The tidyllm package implements some API-specific functionality beyond the core features available across all providers. With the Google Gemini API, you can upload files directly, supporting a range of formats including video and audio. Uploaded files can be referenced in messages via the .fileid argument in chat(gemini()), opening up multimodal workflows that go well beyond standard text and image support.
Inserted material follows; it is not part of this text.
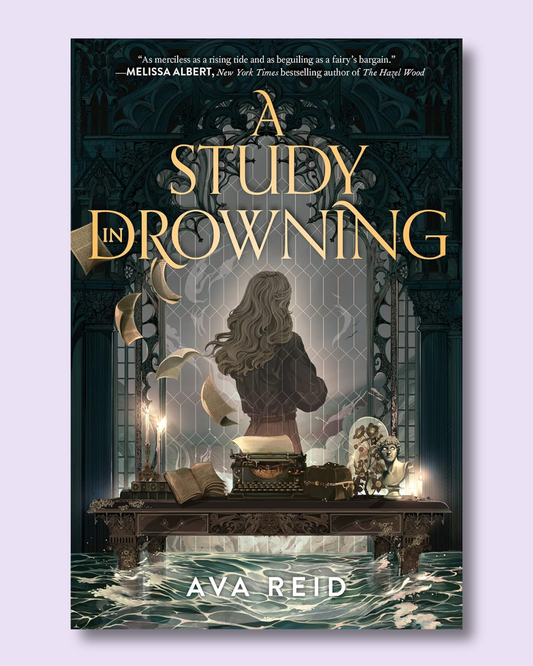 A Study in Drowning (Study in Drowning #1) by Ava Reid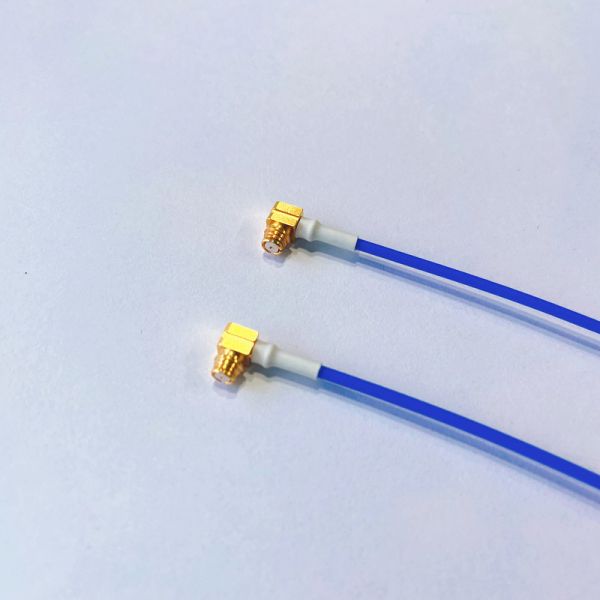 Right Angel RF Cable Assembly SMA Custom RF Cable Assemblies With 086/RG141 Coaxial Cable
Sending an Example Video to Gemini

We explore this functionality by uploading The Thinking Machine, a 1960s TV segment on AI, and interacting with Gemini using the file as context:

We have this segment as an mp4 file and upload it with gemini_upload_file():

library(tidyverse)
library(tidyllm)
upload_info <- gemini_upload_file("the_thinking_machine_1960s.mp4")
upload_info
str(upload_info)
## Warning: package 'ggplot2' was built under R version 4.4.3
## Warning: package 'tibble' was built under R version 4.4.3
## Warning: package 'purrr' was built under R version 4.4.3
## Warning: package 'lubridate' was built under R version 4.4.3
## # A tibble: 1 × 7
##   name   display_name mime_type size_bytes create_time uri  
##   <chr>  <chr>        <chr>          <dbl> <chr>       <chr>
## 1 files… the_thinkin… video/mp4    6520447 2024-11-18… http…
## # ℹ 1 more variable: state <chr>
## tibble [1 × 7] (S3: tbl_df/tbl/data.frame)
##  $ name        : chr "files/wutpmcv9jve9"
##  $ display_name: chr "the_thinking_machine_1960s.mp4"
##  $ mime_type   : chr "video/mp4"
##  $ size_bytes  : num 6520447
##  $ create_time : chr "2024-11-18T09:40:29.603980Z"
##  $ uri         : chr "https://generativelanguage.googleapis.com/v1beta/files/wutpmcv9jve9"
##  $ state       : chr "PROCESSING"

gemini_upload_file() returns a tibble with metadata about the uploaded file: name (a unique server-side identifier), display_name (the original filename), mime_type, size_bytes, create_time, uri (the file’s location on Google’s servers), and state (current processing status).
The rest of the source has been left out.